The year was 2005 and I was purchasing my first home. It was a small modest ranch with three bedrooms, 1 bathroom and an attached one car garage with a nice fenced in backyard. That fenced in backyard was key because my wife and I, as most newlyweds do, bought our first puppy together, a boxer named Sammy. Sammy being all puppy, loved to run around, so we thought we’d install a doggy door into the garage, which was the entrance to the fenced in backyard, so she could run through the backyard all day and come into the garage when it was too hot or cold outside. My handy brother-in-law came to help me cut the doggy door in the wooden garage door, since it involved using a jig saw, which was something I had little experience doing. We put together the saw; I began cutting and without hesitation I began moving the saw in a manner it was not designed to go, all the while my brother-in-law gently reminding me, “I’m not sure you’re supposed to bend the saw like that, bro”. Eventually, as the cut was being made, the blade of the saw snapped, shot through the air, right past mine and my brother-in-law’s head and lodged itself into the wall… pretty deeply, I might add. My life flashed in front of my eyes. It was in that moment that I realized, sometimes it is better for your health, the health of your family and your own sanity, to hire a professional for tasks you have little desire to do or expertise in.
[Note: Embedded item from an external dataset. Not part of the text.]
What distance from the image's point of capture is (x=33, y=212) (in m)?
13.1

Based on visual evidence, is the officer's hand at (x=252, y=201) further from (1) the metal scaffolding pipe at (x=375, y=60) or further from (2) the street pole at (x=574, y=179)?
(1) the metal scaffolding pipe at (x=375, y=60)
In the same way, your largest financial asset, other than your home is typically your employer sponsored retirement plan such as a 401(k), 403(b), Deferred Compensation or other retirement asset. This is an asset you may be nervous about managing and investing on your own and thus may want to seek the help of a professional, however most plans do not provide professional guidance and help within the plan. (CHEAT – Skip to the end to learn about how regardless of your plans commitment to help, Whitaker-Myers Wealth Managers can now provide this help to you). According to a recent study by Aon Hewitt, a provider of human capital and management consulting services with 500 offices in 120 different countries, you would be correct that seeking help with your retirement accounts has produced superior results, thus additional money available to you, when you retire. Their study showed that the averaged participant that sought and received help within their retirement plan had an outcome that was 3.32% better, than their peers who sought no help with their investing strategy. Makes sense, right? My time is limited, especially the more demanding my job is, thus someone who has a 24/7 job of managing, reviewing and investing my retirement assets, is probably going to be in better position to help create improved outcomes and performance within my investing strategy.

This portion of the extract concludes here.